Download Federated Learning Over Wireless Edge Networks Book in PDF, Epub and Kindle

This book first presents a tutorial on Federated Learning (FL) and its role in enabling Edge Intelligence over wireless edge networks. This provides readers with a concise introduction to the challenges and state-of-the-art approaches towards implementing FL over the wireless edge network. Then, in consideration of resource heterogeneity at the network edge, the authors provide multifaceted solutions at the intersection of network economics, game theory, and machine learning towards improving the efficiency of resource allocation for FL over the wireless edge networks. A clear understanding of such issues and the presented theoretical studies will serve to guide practitioners and researchers in implementing resource-efficient FL systems and solving the open issues in FL respectively.

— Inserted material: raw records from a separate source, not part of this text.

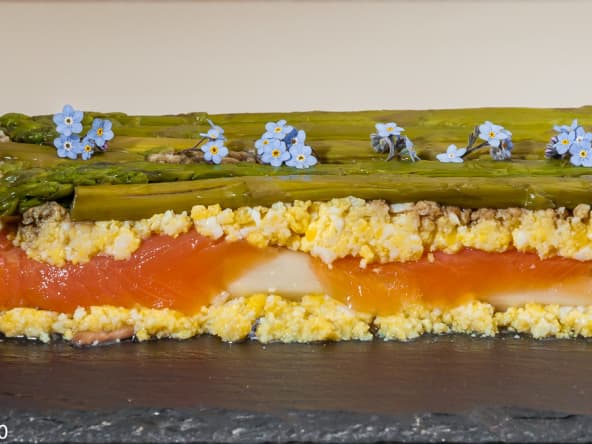 Terrine d'asperges à la truite fumée
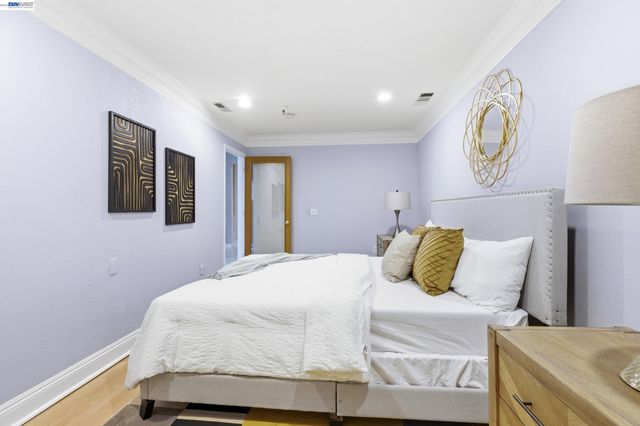 4053 Harlan St 114, Emeryville, CA 94608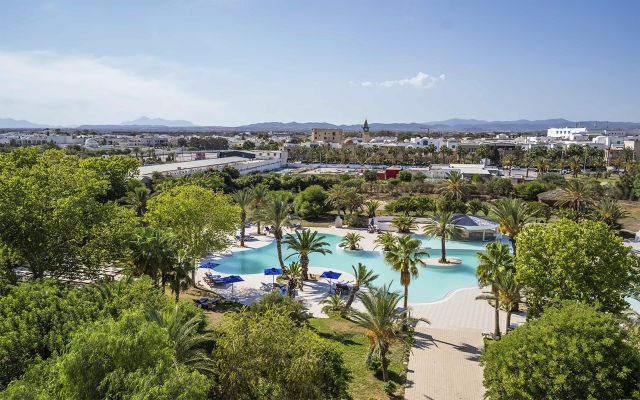 Sejur in Tunisia: 540 euro cazare 7 nopti cu All inclusive+ transport avion+ toate taxele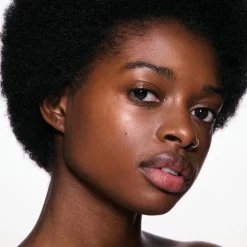 MAC Cosmetics Skinfinish Lightstruck Liquid Highlighter -korostusväri 15 ml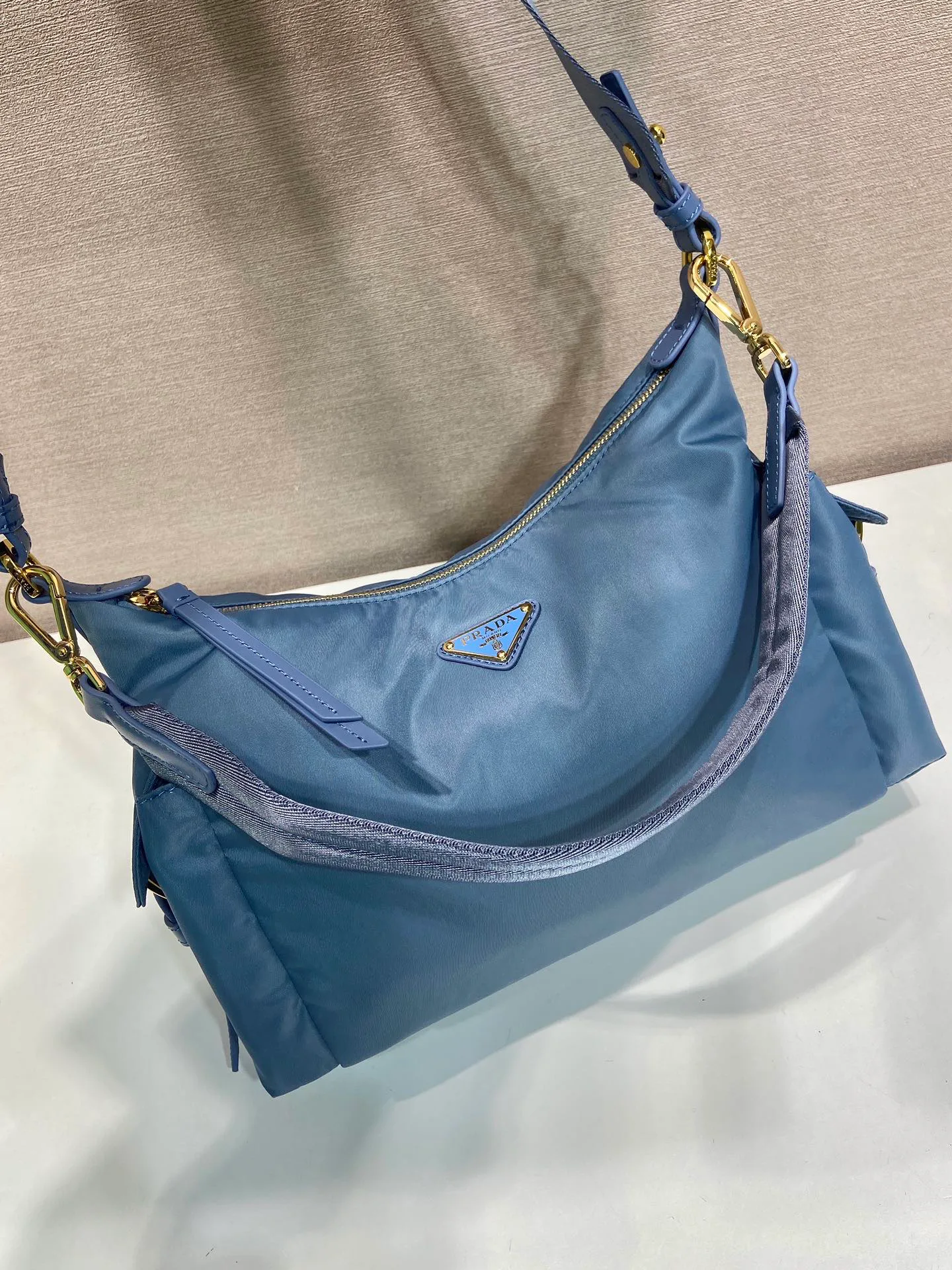 Сумки На Ремне Женские Prada 12874264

Data Driven Intelligence in Wireless Networks

Data Driven Intelligence in Wireless Networks
Author: Muhammad Khalil Afzal,Muhammad Ateeq,Sung Won Kim
Publsiher: CRC Press
Total Pages: 267
Release: 2023-03-27
Genre: Computers
ISBN: 9781000841336

Download Data Driven Intelligence in Wireless Networks Book in PDF, Epub and Kindle

Covers details on wireless communication problems, conducive for data-driven solutions Provides a comprehensive account of programming languages, tools, techniques, and good practices Provides an introduction to data-driven techniques applied to wireless communication systems Examines data-driven techniques, performance, and design issues in wireless networks Includes several case studies that examine data-driven solution for QoS in heterogeneous wireless networks

Future Wireless Networks and Information Systems

Future Wireless Networks and Information Systems
Author: Ying Zhang
Publsiher: Springer Science & Business Media
Total Pages: 776
Release: 2012-02-01
Genre: Technology & Engineering
ISBN: 9783642273230

Download Future Wireless Networks and Information Systems Book in PDF, Epub and Kindle

This volume contains revised and extended research articles written by prominent researchers participating in ICFWI 2011 conference. The 2011 International Conference on Future Wireless Networks and Information Systems (ICFWI 2011) has been held on November 30 ~ December 1, 2011, Macao, China. Topics covered include Wireless Information Networks, Wireless Networking Technologies, Mobile Software and Services, intelligent computing, network management, power engineering, control engineering, Signal and Image Processing, Machine Learning, Control Systems and Applications, The book will offer the states of arts of tremendous advances in Wireless Networks and Information Systems and also serve as an excellent reference work for researchers and graduate students working on Wireless Networks and Information Systems.